Solved: Notebook parameter inaccessible in next code cell

jnickell · ‎07-19-2024

I'm new to Data Engineering / Notebooks and am trying to follow a youtube video to setup a notebook for schema validation after data has been landed in Lakehouse files.

I have a parameter cell with a 'fileToTest' and a output_table_name. When I try to use the 'fileToTest' parameter outside of the parameter code cell it doesn't work and I get a "NameError: name 'fileToTest' is not defined" error.

--- Updated with some additional findings

I only have 3 code cells.

Cell 1: (Parameters)

fileToTest = "Files/folder/file.csv"
output_table_name = 'raw_users'

Cell 2 (attempting to install GreatExpectations

%pip install --q great_expectations

df = spark.read.format("csv").option("header","true").load(fileToTest)
display(df)

UPDATE:
IF I comment out the pip install command the spark.read operation will work.

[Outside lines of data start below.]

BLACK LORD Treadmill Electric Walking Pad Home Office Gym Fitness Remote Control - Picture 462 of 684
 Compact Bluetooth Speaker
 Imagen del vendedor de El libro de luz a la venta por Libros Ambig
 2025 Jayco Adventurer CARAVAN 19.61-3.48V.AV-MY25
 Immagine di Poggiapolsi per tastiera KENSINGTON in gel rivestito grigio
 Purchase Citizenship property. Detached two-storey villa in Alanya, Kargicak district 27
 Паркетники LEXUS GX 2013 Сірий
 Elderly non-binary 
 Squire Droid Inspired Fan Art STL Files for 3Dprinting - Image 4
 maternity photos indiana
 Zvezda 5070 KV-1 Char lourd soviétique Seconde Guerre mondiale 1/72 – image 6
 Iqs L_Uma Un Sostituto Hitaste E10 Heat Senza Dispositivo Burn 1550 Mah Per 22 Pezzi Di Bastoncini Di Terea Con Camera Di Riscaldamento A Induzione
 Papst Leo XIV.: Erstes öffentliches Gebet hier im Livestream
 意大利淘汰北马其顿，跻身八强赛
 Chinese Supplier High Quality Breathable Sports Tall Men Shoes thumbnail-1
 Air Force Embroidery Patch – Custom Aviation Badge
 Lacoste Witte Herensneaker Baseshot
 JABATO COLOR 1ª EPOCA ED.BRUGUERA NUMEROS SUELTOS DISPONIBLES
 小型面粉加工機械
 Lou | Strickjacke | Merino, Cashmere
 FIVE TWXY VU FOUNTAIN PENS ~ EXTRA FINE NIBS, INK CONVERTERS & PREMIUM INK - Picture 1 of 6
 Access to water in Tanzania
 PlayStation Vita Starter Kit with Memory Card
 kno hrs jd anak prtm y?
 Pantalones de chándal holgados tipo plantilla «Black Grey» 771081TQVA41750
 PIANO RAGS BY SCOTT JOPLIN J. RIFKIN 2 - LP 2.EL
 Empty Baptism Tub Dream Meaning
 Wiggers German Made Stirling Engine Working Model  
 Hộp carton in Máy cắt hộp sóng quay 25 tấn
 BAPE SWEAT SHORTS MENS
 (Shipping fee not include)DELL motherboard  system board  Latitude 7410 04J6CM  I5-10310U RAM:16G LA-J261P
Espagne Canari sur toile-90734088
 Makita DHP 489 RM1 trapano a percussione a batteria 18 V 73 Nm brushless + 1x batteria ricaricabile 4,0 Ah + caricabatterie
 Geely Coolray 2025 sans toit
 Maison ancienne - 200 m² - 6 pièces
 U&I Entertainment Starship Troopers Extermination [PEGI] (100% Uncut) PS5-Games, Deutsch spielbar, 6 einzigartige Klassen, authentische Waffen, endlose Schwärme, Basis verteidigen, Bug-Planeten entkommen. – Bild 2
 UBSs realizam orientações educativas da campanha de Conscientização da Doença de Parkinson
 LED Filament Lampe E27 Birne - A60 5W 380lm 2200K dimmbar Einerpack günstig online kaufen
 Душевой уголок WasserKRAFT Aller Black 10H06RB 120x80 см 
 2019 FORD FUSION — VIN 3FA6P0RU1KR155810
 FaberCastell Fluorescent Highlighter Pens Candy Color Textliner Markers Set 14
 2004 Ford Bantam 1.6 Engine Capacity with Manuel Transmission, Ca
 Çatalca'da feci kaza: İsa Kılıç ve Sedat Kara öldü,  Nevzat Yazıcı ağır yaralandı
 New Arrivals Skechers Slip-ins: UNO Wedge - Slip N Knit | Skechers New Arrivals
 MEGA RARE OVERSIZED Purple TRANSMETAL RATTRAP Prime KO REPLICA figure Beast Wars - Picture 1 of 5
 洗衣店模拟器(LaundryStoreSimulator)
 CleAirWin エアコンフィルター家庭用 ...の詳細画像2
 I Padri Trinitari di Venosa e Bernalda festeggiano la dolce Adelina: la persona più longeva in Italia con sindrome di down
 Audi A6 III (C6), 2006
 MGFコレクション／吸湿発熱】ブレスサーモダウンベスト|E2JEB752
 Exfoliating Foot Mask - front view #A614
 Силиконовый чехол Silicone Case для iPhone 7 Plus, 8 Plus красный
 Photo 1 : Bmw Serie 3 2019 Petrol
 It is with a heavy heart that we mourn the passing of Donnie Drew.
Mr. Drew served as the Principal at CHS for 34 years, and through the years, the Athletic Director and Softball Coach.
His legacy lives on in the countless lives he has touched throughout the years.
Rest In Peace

Not sure what this means. Of course in my notebook that means cell 3 fails when it tries to import great_expectations.

Cell 3 (attempting to create validations within Great Expectations Context

import great_expectations as gx
gxContext = gx.get_context()
validator = gxContext.sources.pandas_default.read_csv(fileToTest)

Either of the references above to 'fileToTest' fail with the NameError.

If I move this code to Cell 1 it works w/o issue

df = spark.read.format("csv").option("header","true").load(fileToTest)
display(df)

For reference the original video is here:

https://youtu.be/wAayC-J9TsU?si=D25oMc7oZfpGFrxc

jnickell · ‎07-19-2024

Found the cause of my issue. Learning newbie here.

spark.read works with the Files/.... path

great_Expectations / ?pandas? requires /lakehouse/default/ to be prepended to the path

View solution in original post

jnickell · ‎07-19-2024

Found the cause of my issue. Learning newbie here.

spark.read works with the Files/.... path

great_Expectations / ?pandas? requires /lakehouse/default/ to be prepended to the path

frithjof_v · ‎07-20-2024

I don't have experience with parameter cell, however my initial thought when you got the "NameError: name 'fileToTest' is not defined" was that you had not executed (run) Cell 1 before you tried to use the fileToTest variable in another cell.

So therefore the 'fileToTest' variable didn't exist at that moment when you executed another cell.